Ржевская мясорубка. Время отваги. Задача — выжить! — страница 71 из 73

Еще накануне вечером госпиталь жил своей обычной жизнью, слышались заунывные немецкие песни… Наутро здание было пусто. Все его обитатели исчезли. Мой товарищ, побывавший тем утром в госпитале, увидел только пустые койки, мокрые, заделанные до предела матрацы и валявшиеся повсюду протезы, лечебные лубки, костыли. Куда делись все раненые, врачи, сестры, — знает один бог.

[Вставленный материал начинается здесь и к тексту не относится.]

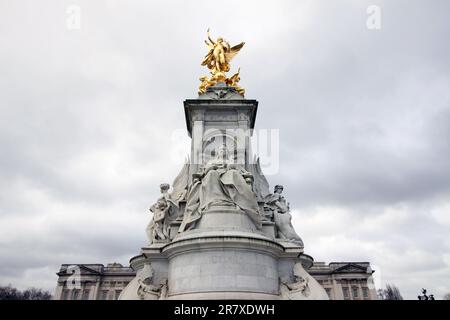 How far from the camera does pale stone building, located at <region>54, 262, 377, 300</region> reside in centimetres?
4800

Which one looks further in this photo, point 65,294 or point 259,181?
point 65,294

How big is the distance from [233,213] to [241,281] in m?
2.87

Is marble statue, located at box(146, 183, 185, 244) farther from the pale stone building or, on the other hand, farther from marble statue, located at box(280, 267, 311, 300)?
the pale stone building

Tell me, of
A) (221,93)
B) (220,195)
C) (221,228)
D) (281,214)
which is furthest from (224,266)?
(221,93)

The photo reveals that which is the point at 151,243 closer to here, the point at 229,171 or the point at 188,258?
the point at 188,258

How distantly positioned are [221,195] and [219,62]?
981 centimetres

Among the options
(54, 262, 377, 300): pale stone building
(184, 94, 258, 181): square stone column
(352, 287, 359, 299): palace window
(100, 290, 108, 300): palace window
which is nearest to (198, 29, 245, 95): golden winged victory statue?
(184, 94, 258, 181): square stone column

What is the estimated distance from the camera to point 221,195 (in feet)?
48.8

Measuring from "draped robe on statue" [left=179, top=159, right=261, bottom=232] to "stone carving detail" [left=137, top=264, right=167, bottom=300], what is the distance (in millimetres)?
2254

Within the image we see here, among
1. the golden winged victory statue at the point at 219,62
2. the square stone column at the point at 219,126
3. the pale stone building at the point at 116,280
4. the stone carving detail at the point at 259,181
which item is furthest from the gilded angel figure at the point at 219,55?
the pale stone building at the point at 116,280

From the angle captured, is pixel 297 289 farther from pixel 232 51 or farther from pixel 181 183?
pixel 232 51

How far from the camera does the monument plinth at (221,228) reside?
12.9 metres

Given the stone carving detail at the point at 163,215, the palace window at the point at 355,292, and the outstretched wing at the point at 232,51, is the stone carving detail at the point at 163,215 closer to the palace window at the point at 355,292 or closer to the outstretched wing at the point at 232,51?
the outstretched wing at the point at 232,51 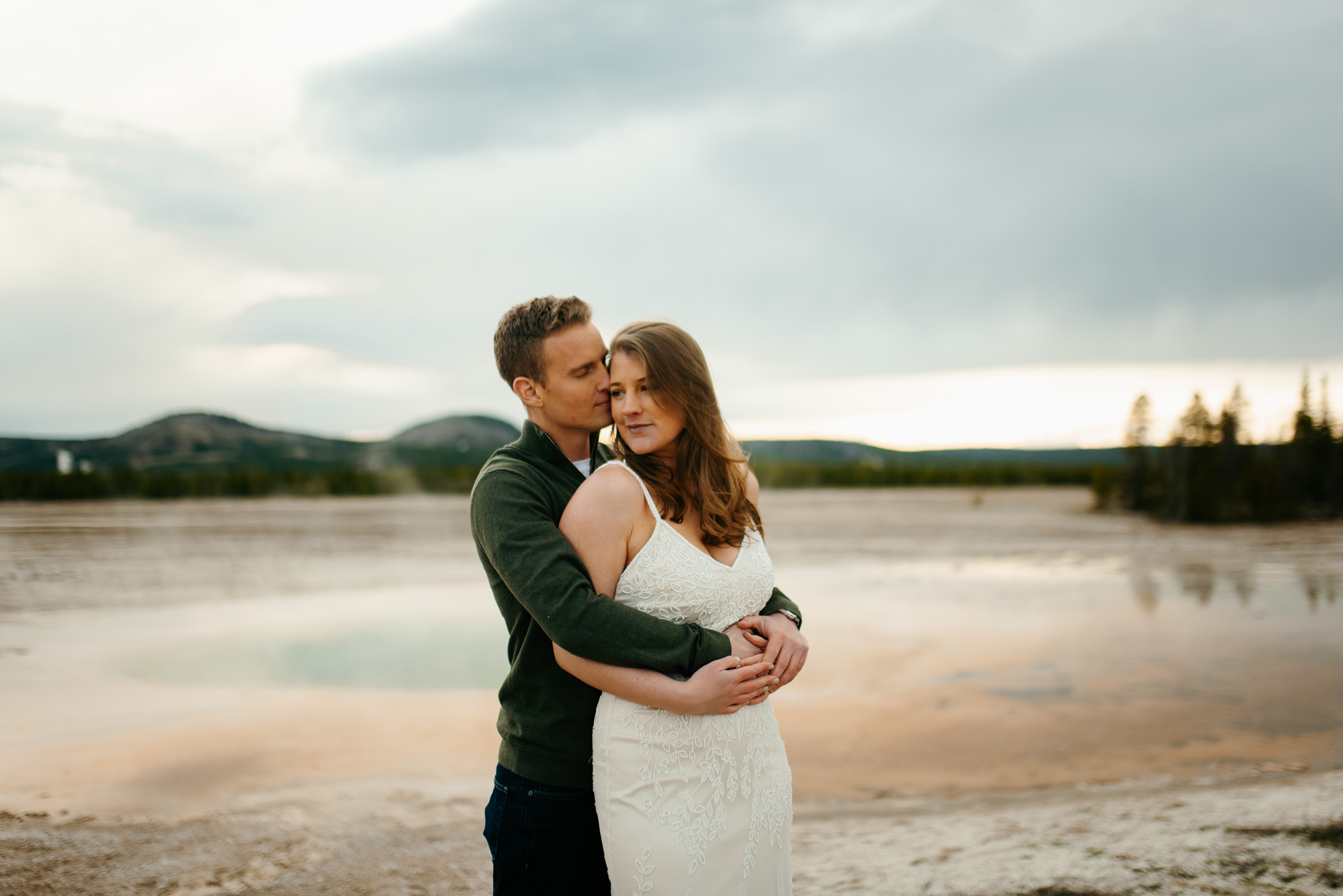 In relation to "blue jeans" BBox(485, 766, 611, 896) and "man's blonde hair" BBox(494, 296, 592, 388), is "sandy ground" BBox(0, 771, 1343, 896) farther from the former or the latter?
"man's blonde hair" BBox(494, 296, 592, 388)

Никто из офицеров не задал никаких вопросов, никого не спрашивали, куда делись люди. Пастор и его охранник тоже исчезли. А меня тогда посетили тяжелые мысли: быть может, случившееся есть лишь справедливая кара за мученическую гибель наших раненых и убийство девушек-снайперов?..

Специальное задание

Меня вызвал на компункт Берестов:

— Нужно очистить город от мародеров. Даю тебе пять автоматчиков — твоих комсомольцев. Вот твое оружие, — он протянул мне короткую сучковатую палку. — Бей дубиной по паршивым задницам — независимо от чинов!

— Слушаюсь!

Слушаюсь-то слушаюсь, но что я должен делать?! Столь невероятных приказов я еще не получал. Стрелять я, конечно, не стану, как и бить палкой. Но я презираю мародеров! Вот и случай наказать мерзавцев!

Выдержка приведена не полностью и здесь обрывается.